Abstract
This study investigates the Philippines’ merchandise export patterns by empirically examining its performance of extensive and intensive margins at the product level over the sample period from 1975 to 2012. The main results suggest that the Philippines’ weak exports may be traced primarily from its poor performance at intensive margin, i.e. survival and deepening.

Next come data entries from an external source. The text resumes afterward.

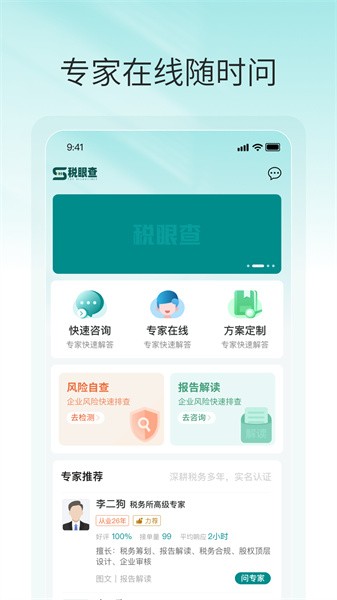 税眼查图1
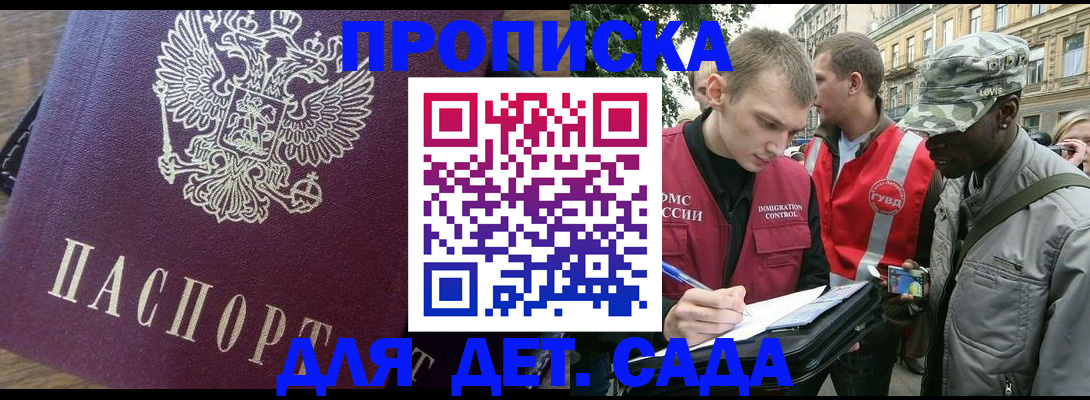 прописка иностранных граждан в Данилове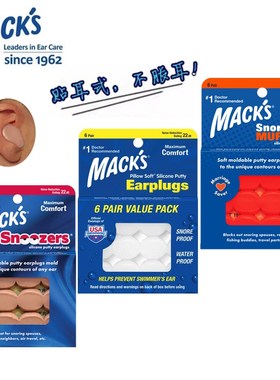 美国Mack's专业隔音防噪音游泳防水超级软硅胶舒适不涨耳洗澡耳塞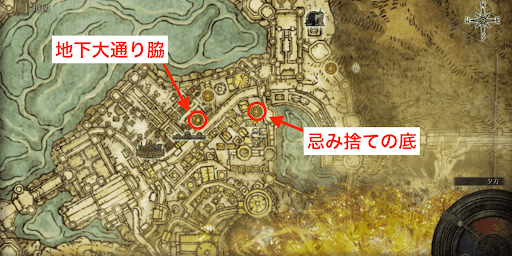 エルデンリング 忌み子モーグの出現場所と攻略 Elden Ring 神ゲー攻略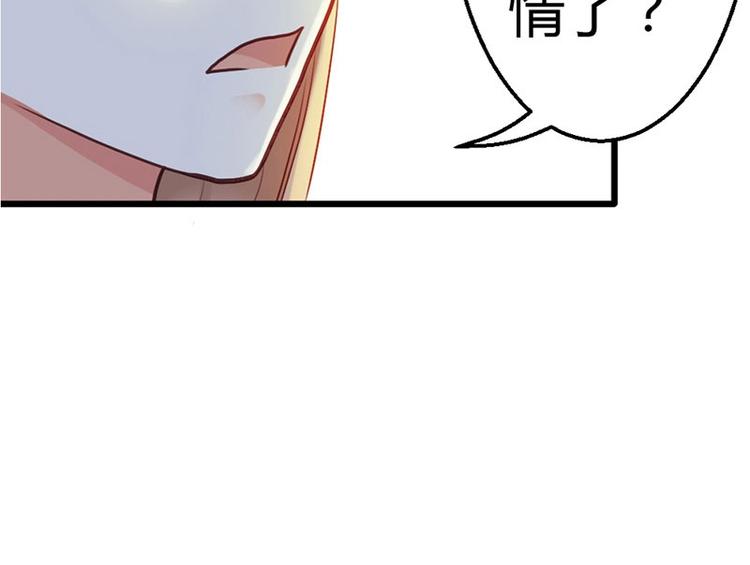 第7话 为了药费付出一切18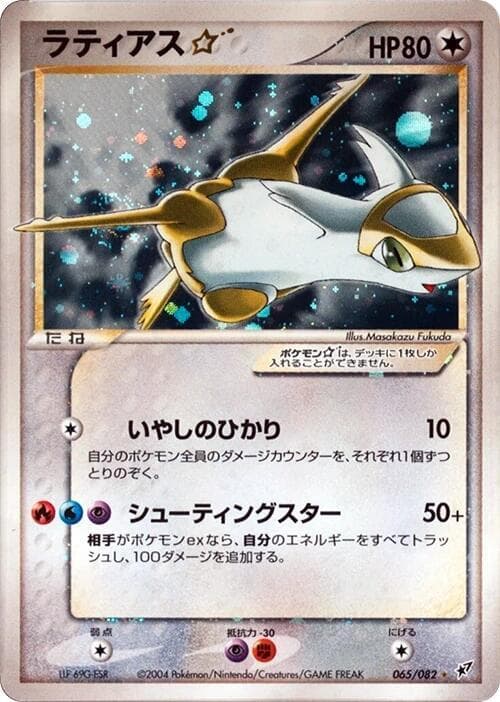 Latias Star 065 1st Edition holo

In addition, our analysis indicates significant differences on the country’s export performance between its established markets (major trading partners, including Japan, the US, China, Hong Kong, and Korea, and ASEAN-5 members) and its relatively new export destinations (new ASEAN members).
Notes
* Accepted by Hong Hwang upon recommendation by Ming-Jen Lin
1. Preliminary results from the 2013 Annual Survey of Philippine Business and Industry revealed that manufacturing establishments had a total employment of 978,430, among which semi-conductor devices and other electronic components industry employed the highest number of workers with 137,245 or about 14% of total employment.
2. As noted in the Asian Development Bank report, poor public infrastructure, expensive power cost, inefficient tax policies, and excessive red tape in government are some of the main culprits behind the slow growth of the Philippine merchandise exports.
3. One of the main reasons is the diversity of definitions used in empirical study. In particular, Eaton et al. (Citation2008) define the extensive margin at the firm level, Evenett and Venables (Citation2002) at the country-product level, Amiti and Freund (Citation2010) work at the product level, while Helpman, Melitz, and Rubinstein (Citation2008) and Felbermayr and Kohler (Citation2006) consider data at the country level.
4. The results of Aldaba (Citation2015) suggest that although the number of exported products to the region has been increasing as indicated by the extensive margin, strengthening competitiveness in semiconductor devices and electronic manufacturing services is crucial to deepen its position in the GVC.
5. Segura-Cayuela and Vilarrubia (Citation2008) incorporate ‘uncertainty’ as the key new element into the basic Melitz (Citation2003) model as it lacks sufficient explanation on the dynamic issues of trade activities as well as the persistence of trade flows. The presence of uncertainty on the per-period fixed cost of servicing an export market is an important factor in explaining trade relationships with variable durations.